Aquel día, al volver a mi casa después de una formidable velada filosófica, pude responder a esta cuestión: «Ellos llegan siempre a tiempo sencillamente porque quieren. Y de ese modo (haciendo de su querer, de su voluntad, la fuerza capaz de vencer a la presión de la clepsidra) muestran su libertad, su condición de hombres libres, que sólo existe en esa acción y mientras la acción dura, y que no se desprende de ningún tipo de ‘marca de distinción’ socialmente otorgada o heredada por linaje. Es entonces cuando este querer libre consigue encabalgarse en los episodios aparentemente sinsentido que jalonan la vida diaria de los atenienses (o de los españoles, o de los chinos, o de los nicaragüenses), y cuando este querer efectivamente puede decir lo verdadero y hacer lo libre». Pido perdón por las autocitas, pero así lo dejé escrito en La regla del juego, con una nota a pie de página para que el lector supiese quién me había ayudado a terminar mi retrato de Sócrates.

«Ahora, los enemigos de la libertad de expresión son los únicos que pueden mantenerles en el poder. Y Savater sigue siendo para ellos un estorbo»

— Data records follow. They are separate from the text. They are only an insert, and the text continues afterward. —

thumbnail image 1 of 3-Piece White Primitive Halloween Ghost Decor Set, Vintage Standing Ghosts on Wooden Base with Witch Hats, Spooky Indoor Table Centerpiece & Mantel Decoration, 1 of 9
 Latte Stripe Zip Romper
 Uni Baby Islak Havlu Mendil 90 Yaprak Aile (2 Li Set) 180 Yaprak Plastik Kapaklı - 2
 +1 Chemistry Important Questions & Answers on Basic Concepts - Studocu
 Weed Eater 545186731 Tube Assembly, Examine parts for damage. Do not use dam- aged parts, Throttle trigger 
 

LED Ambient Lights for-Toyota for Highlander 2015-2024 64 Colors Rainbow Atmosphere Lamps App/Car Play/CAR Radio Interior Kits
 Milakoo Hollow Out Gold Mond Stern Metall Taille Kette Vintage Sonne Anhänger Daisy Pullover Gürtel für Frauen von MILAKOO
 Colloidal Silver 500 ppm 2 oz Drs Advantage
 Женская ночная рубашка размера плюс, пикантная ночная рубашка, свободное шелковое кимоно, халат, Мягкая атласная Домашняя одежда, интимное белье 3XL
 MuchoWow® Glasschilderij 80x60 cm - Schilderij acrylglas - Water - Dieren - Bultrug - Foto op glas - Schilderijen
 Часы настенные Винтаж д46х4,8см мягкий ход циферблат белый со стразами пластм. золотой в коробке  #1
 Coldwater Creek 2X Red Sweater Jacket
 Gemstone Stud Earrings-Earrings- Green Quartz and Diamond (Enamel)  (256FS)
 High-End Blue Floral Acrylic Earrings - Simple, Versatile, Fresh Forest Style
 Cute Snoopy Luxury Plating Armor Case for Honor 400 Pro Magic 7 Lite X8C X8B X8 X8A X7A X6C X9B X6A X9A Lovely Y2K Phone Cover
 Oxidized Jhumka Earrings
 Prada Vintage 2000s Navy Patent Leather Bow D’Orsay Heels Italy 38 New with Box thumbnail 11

No se puede negar que, desde entonces, los dos nos hemos hecho viejos (lo que no es precisamente un cambio a mejor), pero en ello no hemos tenido ninguna responsabilidad. En lo demás no creo que hayamos cambiado demasiado. Savater sigue molestando a los mismos que molestaba entonces. La diferencia es que muchos de los que en 2003 caminaban tras las pancartas que defendían la libertad de pensamiento hoy se han situado en las mismas ventanas y aceras desde las que quienes entonces justificaban y comprendían las fechorías de los que no toleraban semejante libertad observaban con desprecio y disgusto las manifestaciones de protesta.

Este asombroso «cambio de opinión» del otrora partido de Joseba Pagaza no se debe, obviamente, a ningún progreso moral o intelectual (sino a todo lo contrario): es que, ahora, los enemigos de la libertad de expresión son los únicos que pueden mantenerles en el poder y, por tanto, los que verdaderamente mandan y gobiernan, ya no sólo en Cataluña o en el País Vasco, sino en toda España. Y Savater sigue siendo para ellos un estorbo.

Esto no quiere decir exactamente que el país haya cambiado. Los secesionistas y los comunistas de salón siempre estuvieron ahí, como siempre estuvo esa parte de la población que, entre otras cosas por las desastrosas políticas educativas, nunca entendió muy bien por qué eran tan importantes las libertades públicas y la igualdad de derechos civiles. Del mismo modo, seguimos aquí los que llevamos leyendo y escuchando a Fernando Savater desde la década de 1970 y para quienes él ha sido tantas veces el tábano que, sin faltar nunca a su cita, levanta la voz contra los que quieren imponer un pensamiento obligatorio para que nada contraríe su indecencia. Dicen que, por no pensar como ellos, le han despedido de un periódico que sería difícil de imaginar sin su contribución, aquel en el que más a menudo ejerció esa labor; pero también algunos atenienses creyeron haber despedido a Sócrates cuando le condenaron, sin saber que eran ellos quienes se condenaban a 2.500 años de vergüenza.